* Directions for this task
Go to the line below that contains "ギリシャフラグ ゴルフタオル (正面)". From there to the end of the records, reproduce each line exactly, except the pictures.

[Dataset entries]
....................
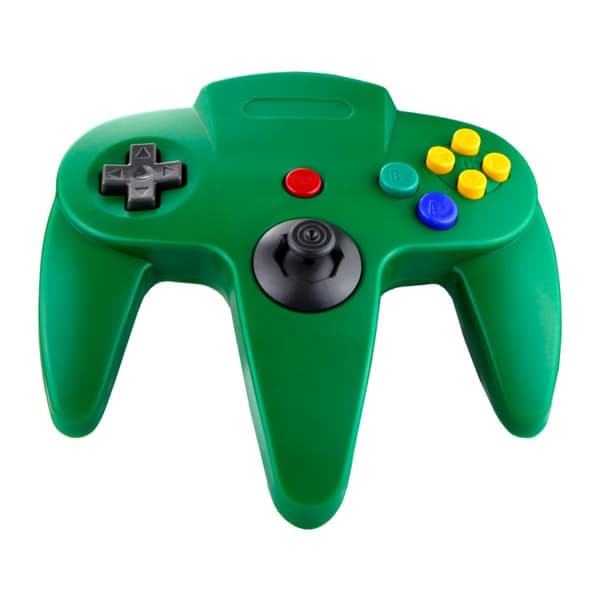 Retro USB-controller til N64-spil, N64 Classic USB-controller Grøn Green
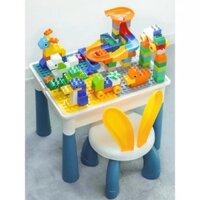 BỘ BÀN XẾP HÌNH ĐA NĂNG KÈM GHẾ CHO BÉ,ĐỒ CHƠI GIẢI TRÍ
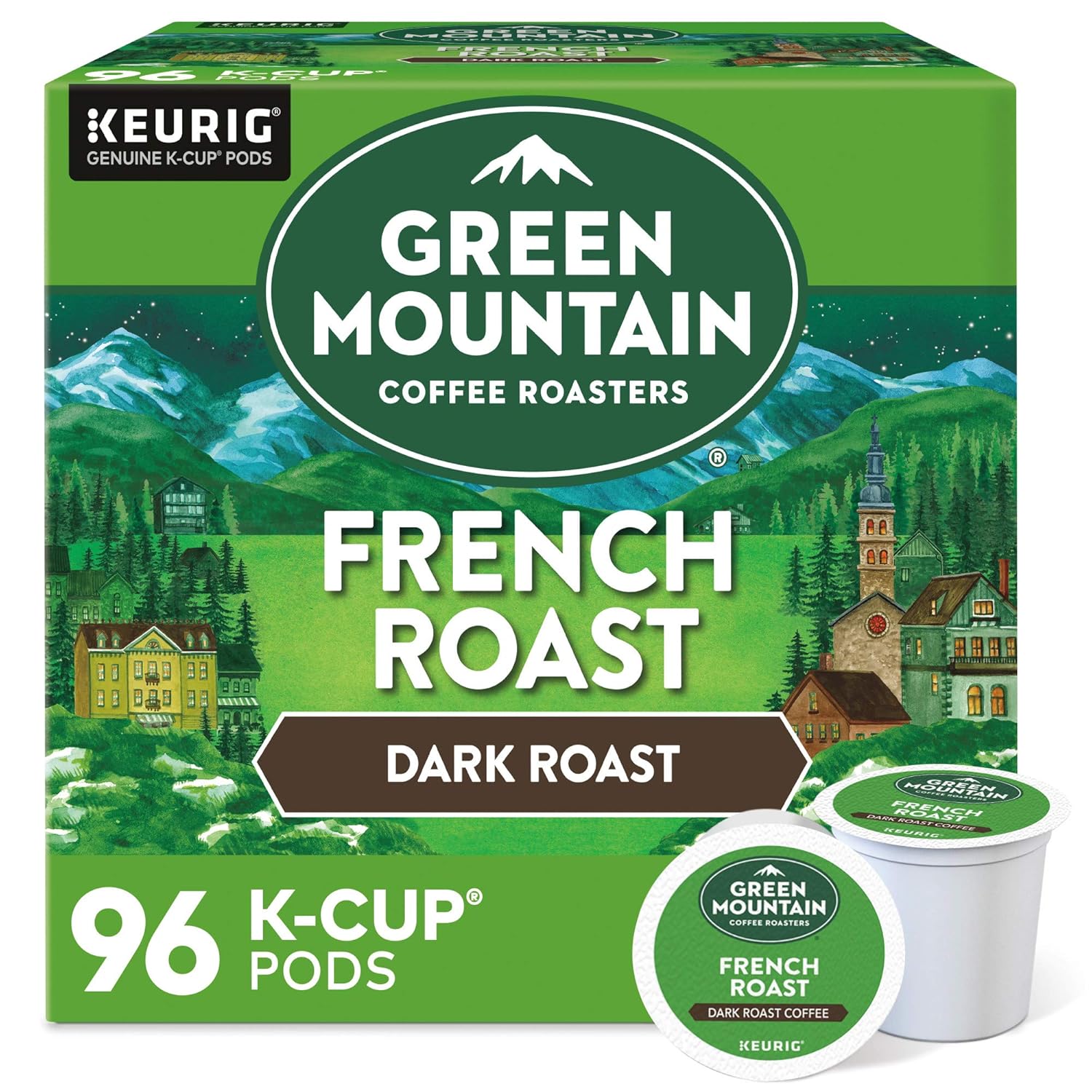 Green Mountain Coffee Roasters Dark Magic Keurig Single-Serve K-Cup Pods, Dark Roast Coffee, 72 Count (6 Packs of 12)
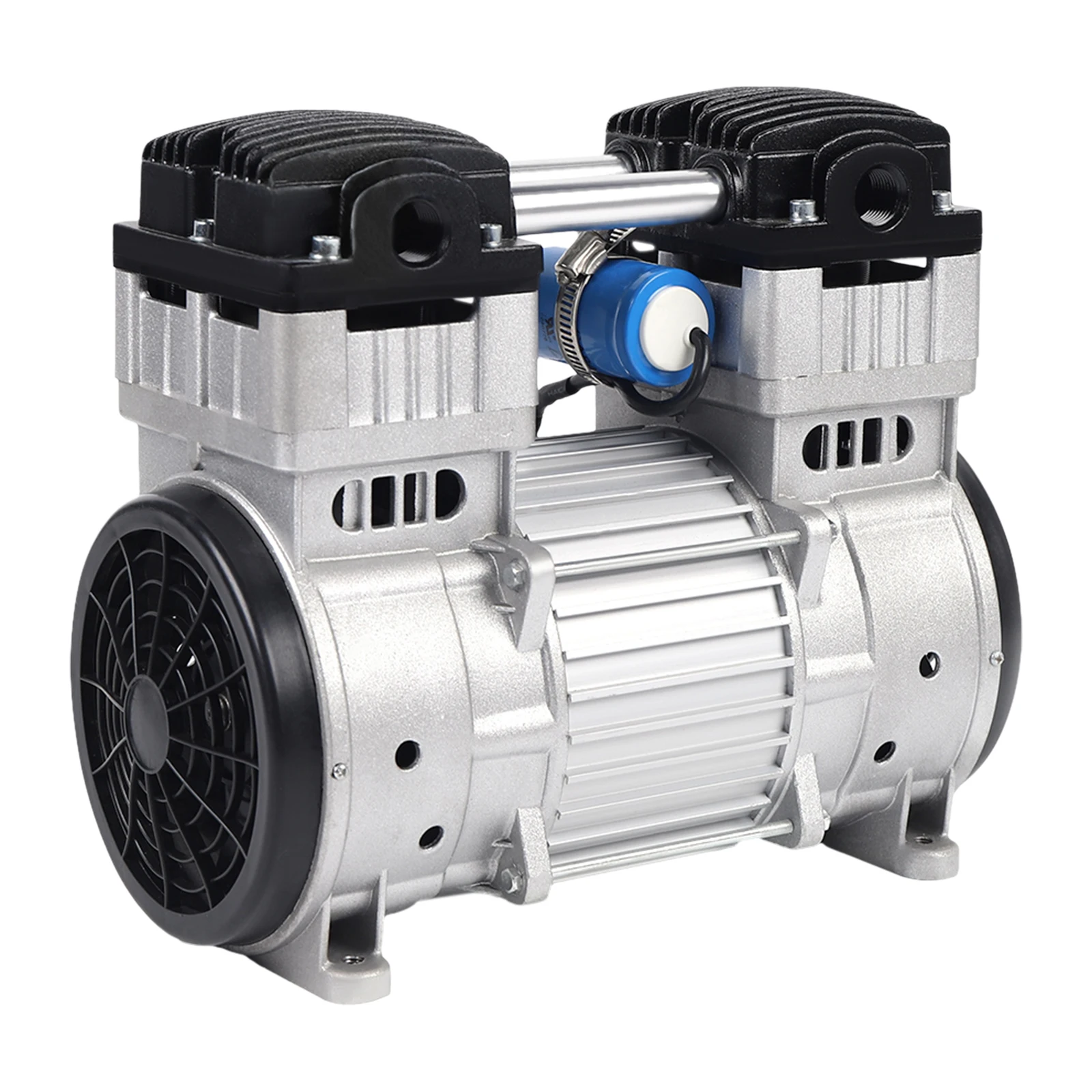 1100W 7CFM Silent Air Pump Compressor Head Small Air Mute Oilless Vacuum Pump Pure Copper Motor Good Heat Dissipation Safety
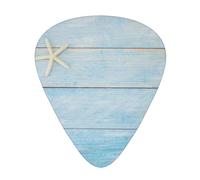 Nautical Vintage Board Starfish,12 Pcs Guitar Pick,3 Different Thickness Plectrums for Acoustic Guitar Bass Ukulele (0.46mm 0.96mm 0.71mm)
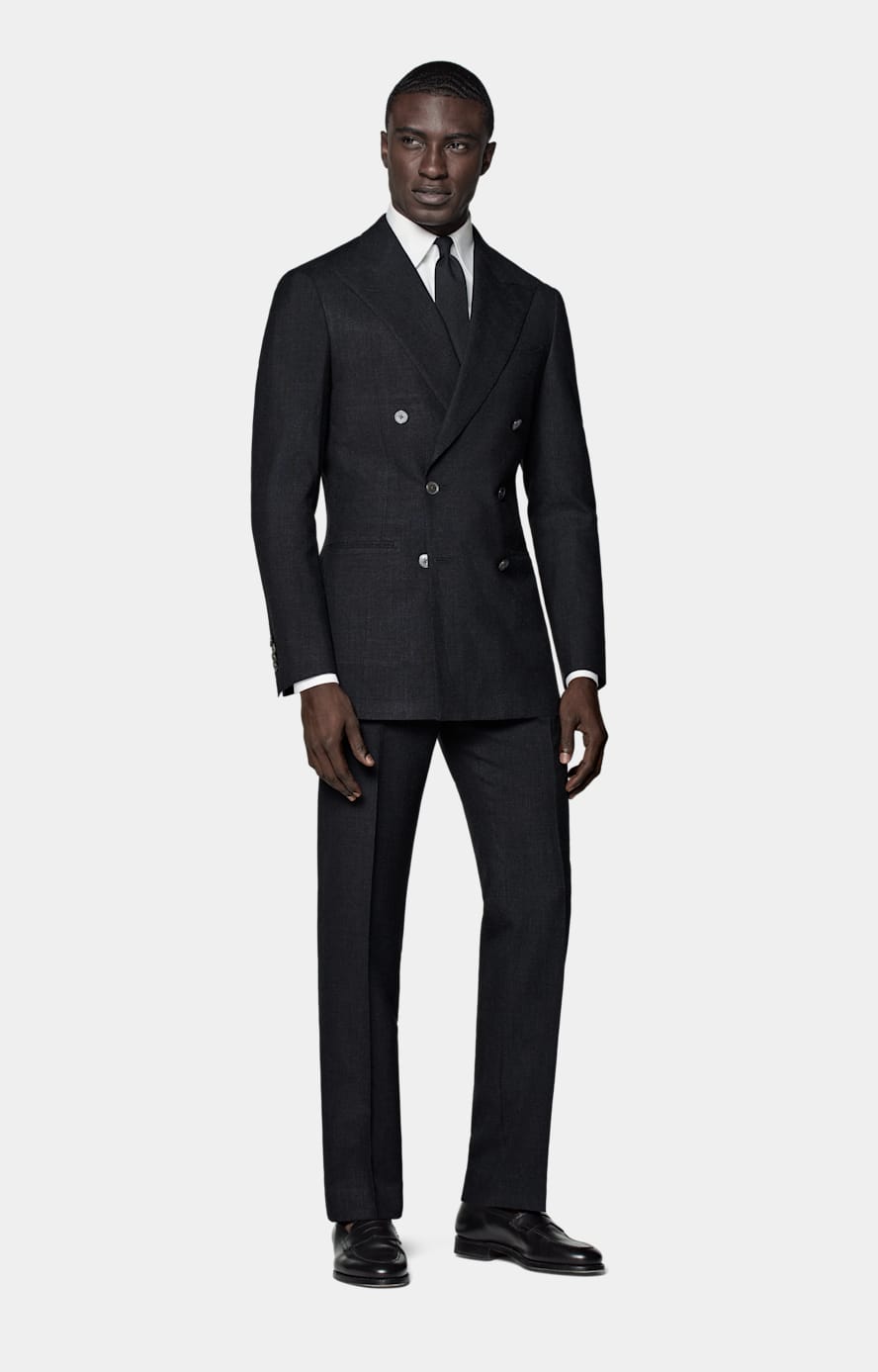 Dark Grey Tailored Fit Havana Suit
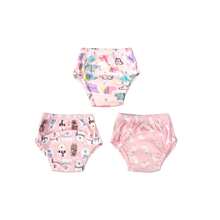 6pcs/Pack Celana Latihan Toilet Anak Lembut - Dapat Dicuci, Sepanjang Musim, Warna Campur, Untuk Latihan Toilet Bayi/Balita - MultiWarna - View 30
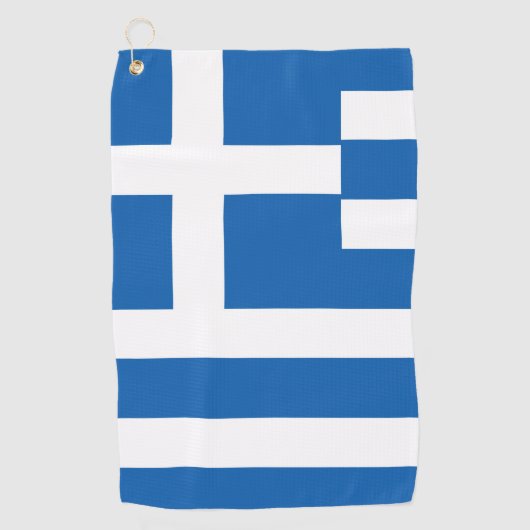 ギリシャフラグ ゴルフタオル (正面)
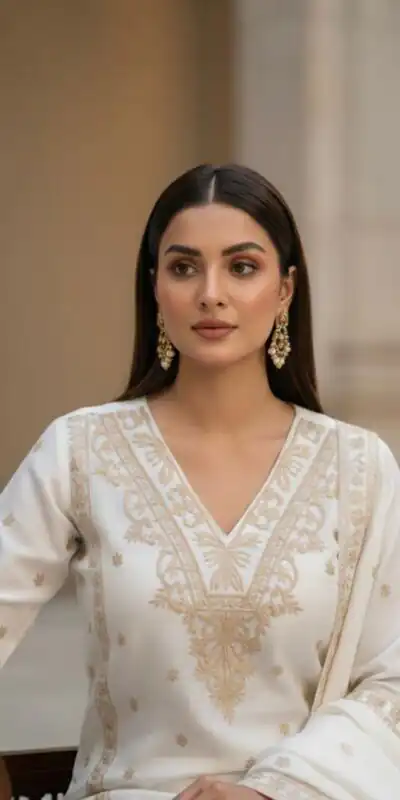 BE 444 White Color Organza Silk Salwar Suit with Embroidery Work. Special Price ₹2099. Delivery 4-6 Working Days. Shop now. | Casual Suits, Jump Suits, Creative suits, Designer Suits, Palazzo Suits, Party Wear Suits, Patiala Suits, Salwar suit, Straight Suits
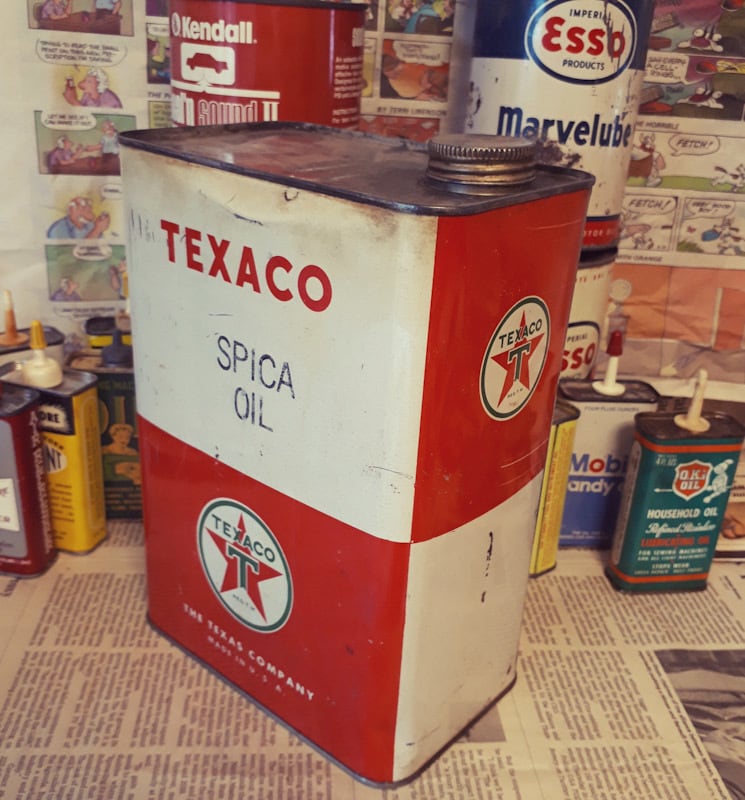 テキサコ ☆ オイル缶 ビンテージ '60s TEXACO アメリカ ガレージ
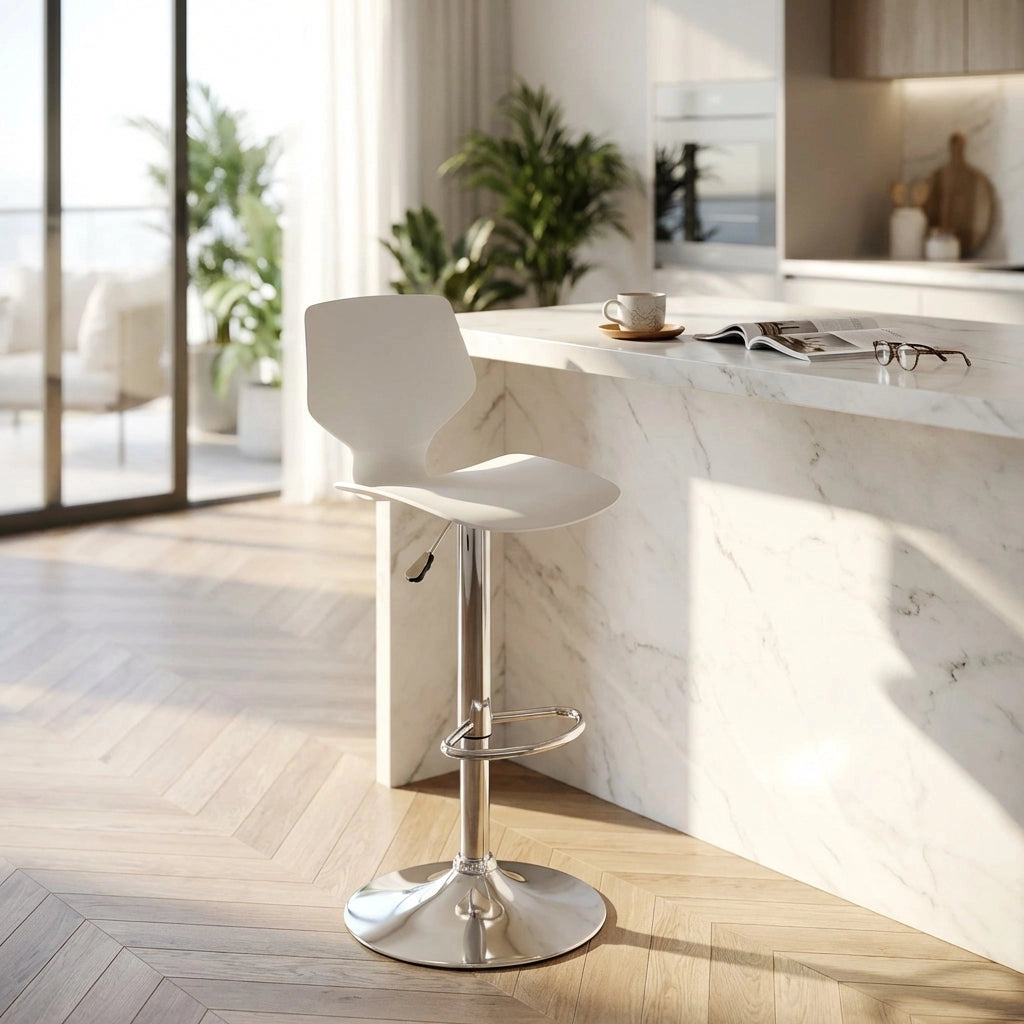 Sgabello Moderno per Sala da Pranzo in Plastica Metallo cm 40x45x78 - FORREST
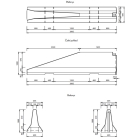 Zweiseitige Betonschutzplanke TYP100 – linkes Endstück, 4000×695×1000mm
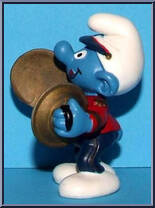 Cymbals Smurf from Smurfs - Music manufactured by Peyo [Loose]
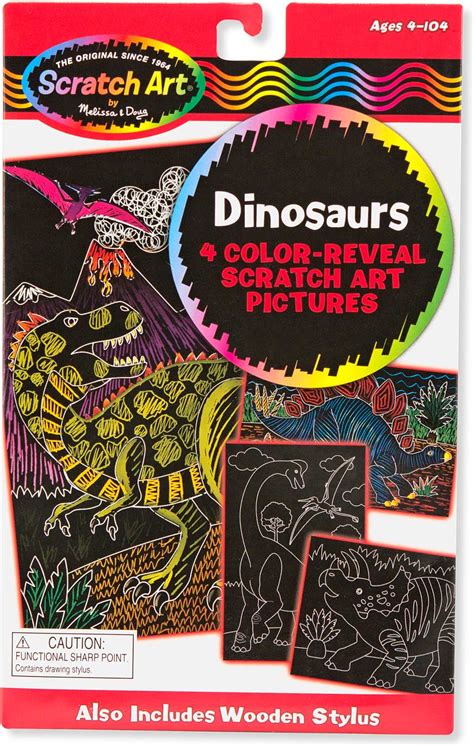 Dinosaurs Scratch Art Toy Sense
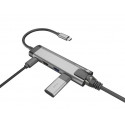 NATEC MULTIPORT FOWLER GO USB-C -> HUB USB, HDMI
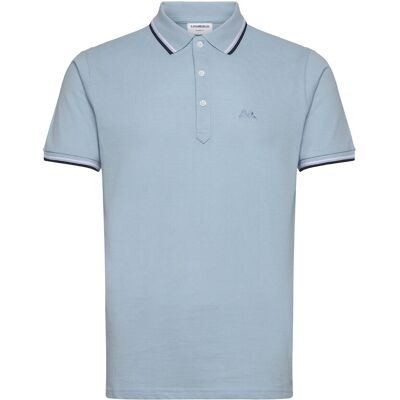 Lindbergh Polo Shirt With Contrast Piping S BLUE BREEZE S Lindbergh Polo Shirt With Contrast Piping S BLUE BREEZE S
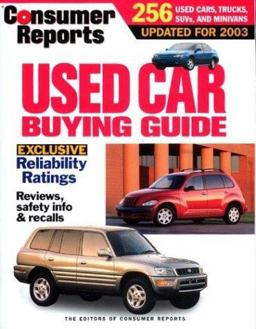 Consumer Reports Used Car Buying Guide 2003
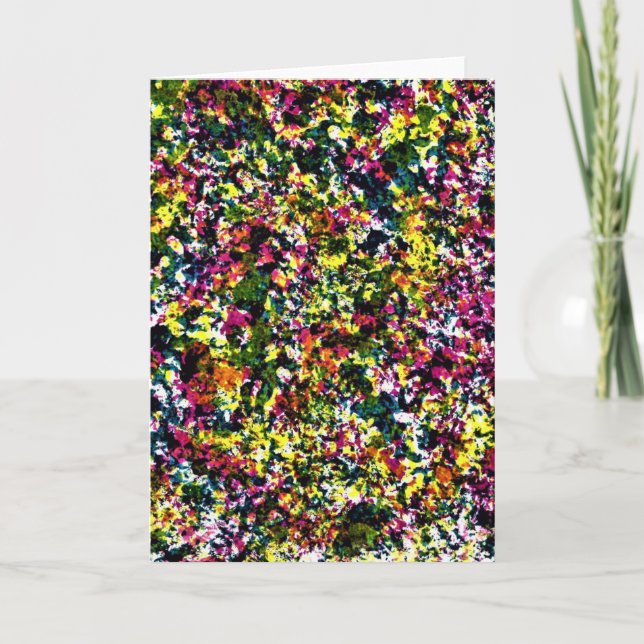 Abstrakte Farbstudie 24, Karte (Vorderseite)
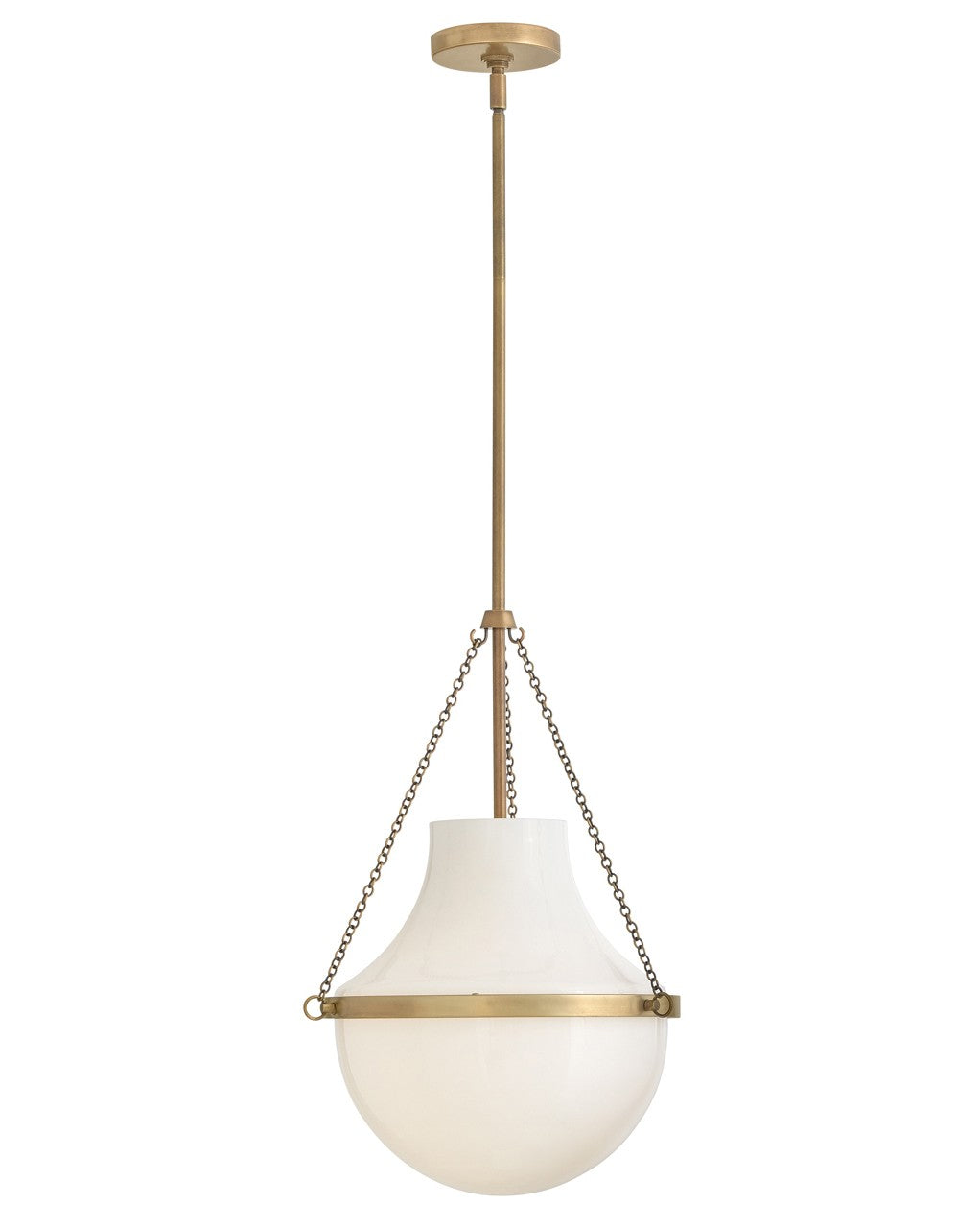 Collins LED Pendant in Heritage Brass
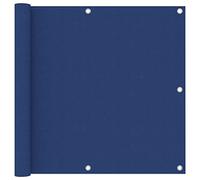 vidaXL Écran de Balcon Bleu 90x600 cm Tissu Oxford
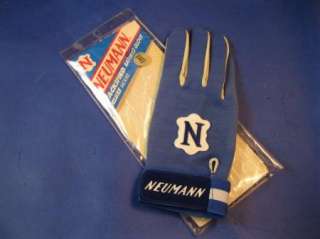 Neumann Tackified Right Hand Batting Glove Deluxe Model XL Blue NEW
....................
* Result for this task
 ギリシャフラグ ゴルフタオル (正面)
 BE 444 White Color Organza Silk Salwar Suit with Embroidery Work. Special Price ₹2099. Delivery 4-6 Working Days. Shop now. | Casual Suits, Jump Suits, Creative suits, Designer Suits, Palazzo Suits, Party Wear Suits, Patiala Suits, Salwar suit, Straight Suits
 テキサコ ☆ オイル缶 ビンテージ '60s TEXACO アメリカ ガレージ
 Sgabello Moderno per Sala da Pranzo in Plastica Metallo cm 40x45x78 - FORREST
 Zweiseitige Betonschutzplanke TYP100 – linkes Endstück, 4000×695×1000mm
 Cymbals Smurf from Smurfs - Music manufactured by Peyo [Loose]
 Dinosaurs Scratch Art Toy Sense
 NATEC MULTIPORT FOWLER GO USB-C -> HUB USB, HDMI
 Lindbergh Polo Shirt With Contrast Piping S BLUE BREEZE S Lindbergh Polo Shirt With Contrast Piping S BLUE BREEZE S
 Consumer Reports Used Car Buying Guide 2003
 Abstrakte Farbstudie 24, Karte (Vorderseite)
 Collins LED Pendant in Heritage Brass
 vidaXL Écran de Balcon Bleu 90x600 cm Tissu Oxford
 Neumann Tackified Right Hand Batting Glove Deluxe Model XL Blue NEW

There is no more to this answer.